Some thoughts on how to push back against the gravity of “going it alone” when working remote or in an all-distributed company.
I have several friends at work who love the Zelda game series from Nintendo. And I played the first few games growing up so the video-game-famous quote from the first game, “It’s dangerous to go alone! Take this.” has been stuck in my head for years now. So maybe it’s no surprise that the other day while thinking about what it’s like to work in an 800+ person fully-distributed company where everyone is working “remote” I realized that there’s a high chance that this sort of sums up what I think is one of the most important survival mechanisms or truisms for that kind of work.
Here’s the idea broke down into two principles.
1. Remember that it’s dangerous to go alone.
2. Gear up when you go it alone.
Be careful about letting people go it alone and make sure you’re armed to the teeth whenever it looks like you might be.
Remember that it’s dangerous to go alone
This first principle should be pretty obvious but I find it surprising how often we (as in humans in general) tend to forget it. Going it alone kind of sucks. You wind up bearing the burden of what will likely wind up being more and more increasingly complex decisions. It’s all on you. Sometimes it means you can move faster but remember, it’s dangerous.
Here’s an example from outside of the world of Zelda.
“… pairs of people working together can make better decisions than the better member of the pair working alone.”
— Neuroscientists Uta and Chris Frith
Let’s reverse that, let’s say you’re a pretty smart person and make great decisions on your own. You’re missing out on making even better decisions when you’re not pairing up with someone. (Also, there’s a high chance you’re not as smart as you think you are — or maybe you’re even smarter than you think! Self-awareness can be tricky and your smarts are situational.)
Recently at work we’ve been experimenting with pairing up design leads with tech leads, or business leads with tech leads, to run projects. And experimenting with small groups of three designers leading design teams for products. We’ve found this to work extremely well.
As I look back on the first fruits of these experiments it’s seemed like unusually rapid progress has been made on complex problems with work that stretches across multiple teams, divisions, and even products. I like to think that this pairing has helped with that.
Inside our distributed design team for WordPress.com we try and work similarly. We take advantage of video calls to bring people together in the same way. A weekly “show and tell”, bi-weekly “team times” where we talk about how we work or share knowledge, pairing during video-based “working sessions” (remote control with Zoom is especially cool), and in general, just trying not to let anyone get stuck out there on their own on important projects.
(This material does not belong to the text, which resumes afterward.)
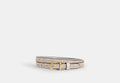 COACH® Women's Cinturón reversible cortado a medida con hebilla clásica, 18 mm en Beige | Pvc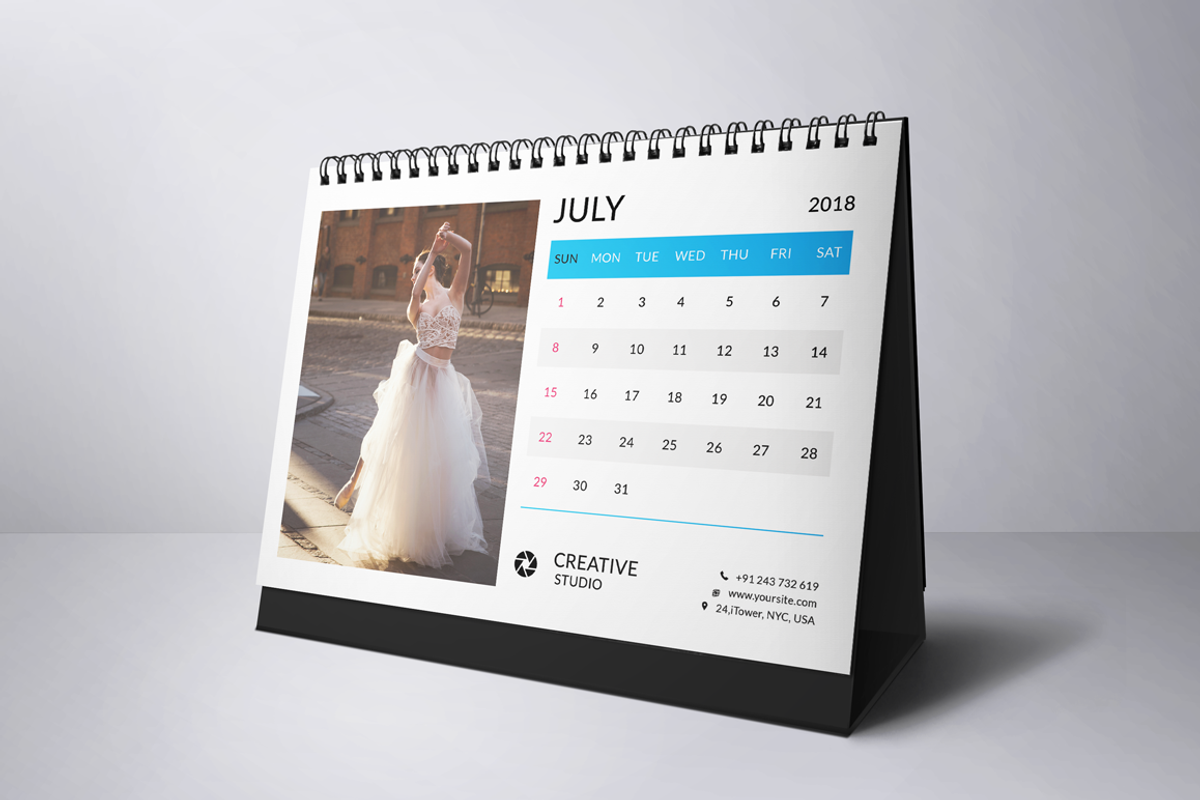 Desk Calendar 2018, a Stationery Template by Jaisivakumar (Photo 8 of 15)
Gear up when you go it alone
Note that in the Zelda game the intrepid hero Link is going it alone. He’s getting that sword because it’s dangerous out there. What’s the sword you’re going to bring with you when you go it alone? Like Dr. Seuss says, “Whether you like it or not, alone will be something you’ll be quite a lot.”
The short answer is, I don’t really know yet, but it’s something I’m always trying to figure out. I think it looks a lot like just taking care of yourself.
- Eat right
- Get outside
- Take real breaks away from work
The truth is that we need partners, we need guides, and we need friends. Lean on your relationships and networks at work. Ask for some help once in a while. Take care of yourself.
And be creative. I love this tweet from my colleague Alison Rand.
Distributed work often means not being able to properly catchup with a colleague after a long week and exhale. Finding meaningful ways to include that into your rituals is key to reflection and constructive feedback.
— Alison Rand (@alisonrand) November 30, 2018
Distributed work is a different kind of work. That means taking the time to think creatively about new rituals and new ways of communicating with people.
I know that things like this can seem obvious but it also seems like they’re surprisingly easy to forget. I see people forgetting it all the time. Working in an all-distributed team means I can sit in my home office in the middle of Canada and work with people from all around the world. It also means I have a responsibility to make that work as well as it can for myself and my colleagues.
In other words, it’s worthwhile to be conscious about it.